Top of the crops?

Lugs? Check. Needle-nose grape shears? Check. Decent weather. Finally, yes, check.

 

Gabriele Rausse, revered as the godfather of Virginia wine, has worked well over 30 harvests since he first came to the state from his native Italy to plant the vines at Barboursville Vineyards. Recent rainfall, coming as it did when the grapes were at their peak, complicates the 2009 harvesting schedule.
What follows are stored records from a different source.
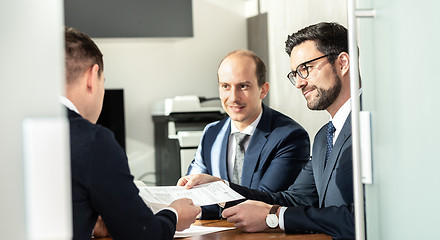 Image showing Group of confident successful business people reviewing and signing a contract to seal the deal at business meeting in modern corporate office.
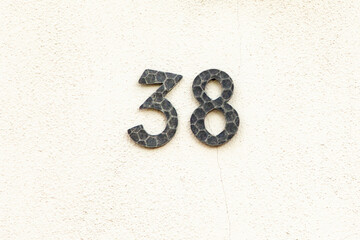 house number 38 in metal at white painted plaster wall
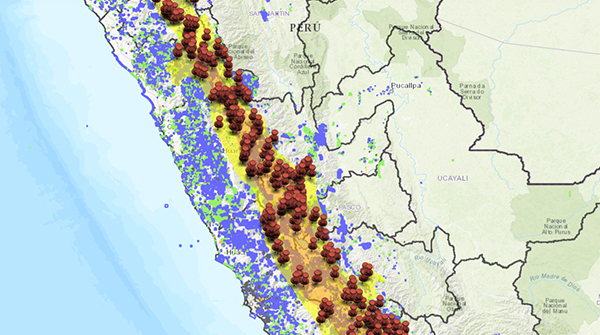 3D floor plan visualization of a large building, showing rooms, corridors, and open spaces in various shades of blue, white, and beige with a green area outside.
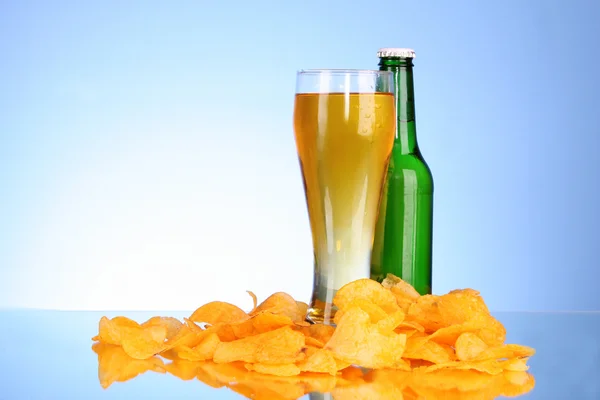 Bottle with beer, cup and potato chips on blue background — Stock Photo, Image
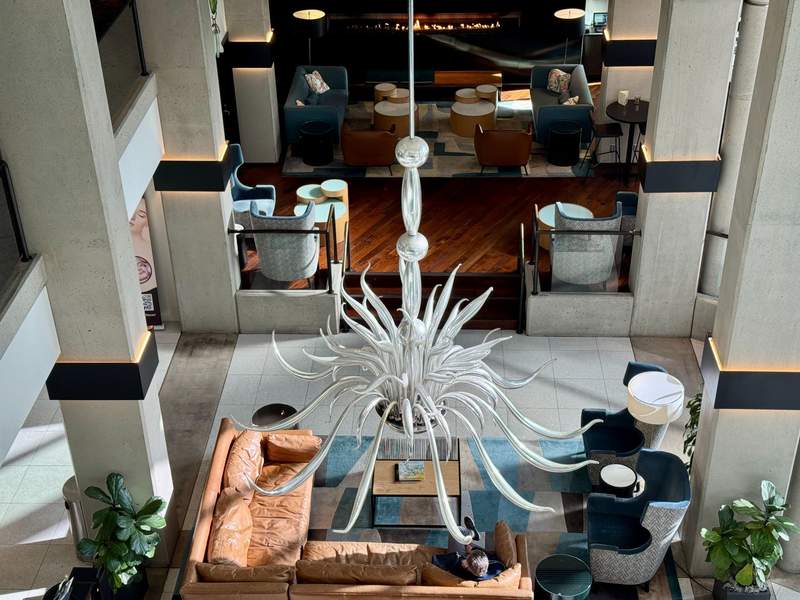 Hotel Lobby with seating and a large white blown and mirrored glass chandelier. Photo taken from above.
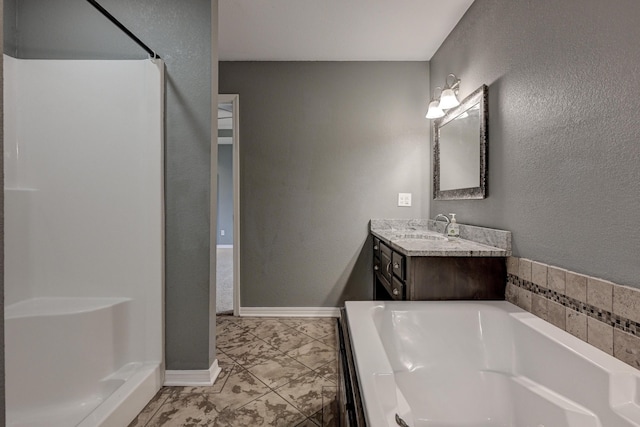 3383 Lusk Dr, Neosho, MO 64850 - bathroom with vanity, a garden tub, a shower, marble look tile flooring, and a textured wall
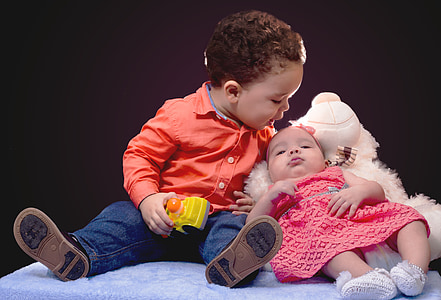 boy holding toy sitting near lying baby thumbnail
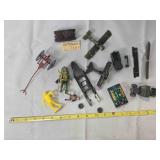Assortment of various toy set parts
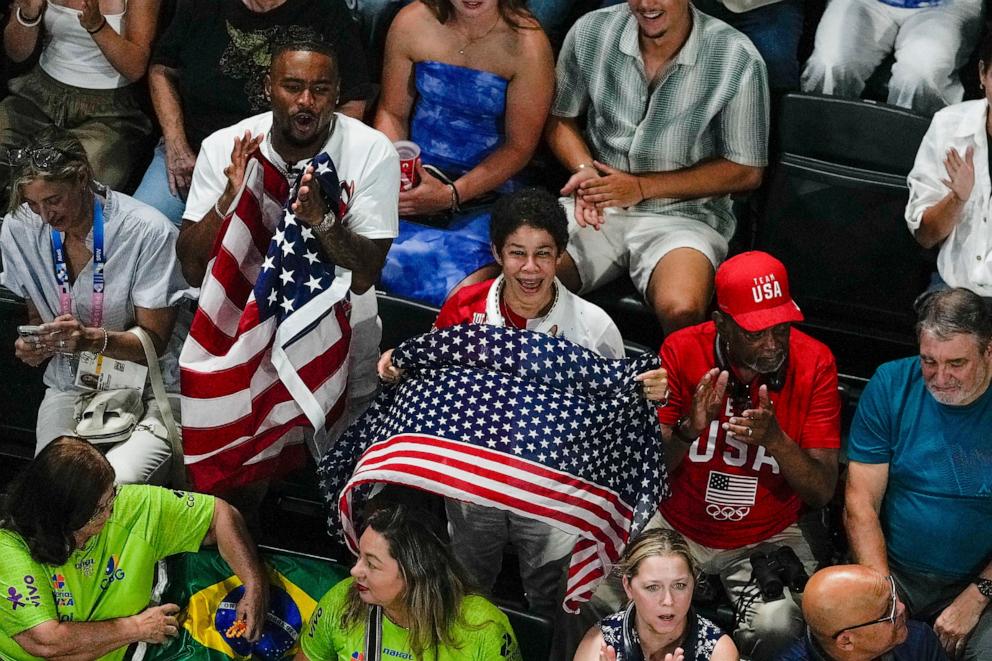 PHOTO: Simone Biles' husband Jonathan Owens along with her mother and father Nellie and Ron Biles cheer as she is introduced during the women's artistic gymnastics team finals at the 2024 Summer Olympics, on July 30, 2024, in Paris.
It’s a Wednesday afternoon and I’m standing among rows of grapevines near Lake Albemarle with Gabriele Rausse, a much-sought-after consultant to local winegrowers and the man who played a central hand in getting the whole Virginia wine industry going more than 30 years ago. That very day, Rausse’s Refosco, a red varietal well known in the Friuli region of northern Italy but relatively rare in this state, earned compliments from the Washington Post’s wine critic. But time didn’t permit too much savoring of that news. There’d been a lot of rain the previous weekend and this vintage’s grapes were in real jeopardy of developing sour rot, which, as the name suggests, is not a condition that winemakers welcome. And so, we were cleaning.

An acre and a half of vines stretched ahead of us. At the rate we were going—about a dozen vines an hour—it was going to be a long afternoon or four. What was taking so long? For one thing, the regular harvest crew, under the direction of Rausse’s son Tim, had not arrived yet (they were still working on the other side of Albemarle County). That left plenty of time for shooting the breeze—and there are few conversationalists in the Virginia wine industry as enthusiastic as Rausse. But more significantly, we were examining each cluster of grapes as we cut it from the vine, looking for signs of rot and then snipping the bad berries out before dropping the cluster into a yellow, plastic lug. It’s painstaking work. Still, Cab Franc grows in loose clusters that are comparatively easy to poke around in. A tightly clustered varietal like Pinot Noir, were it to require the same attention due to factors like weather, might take twice as much time!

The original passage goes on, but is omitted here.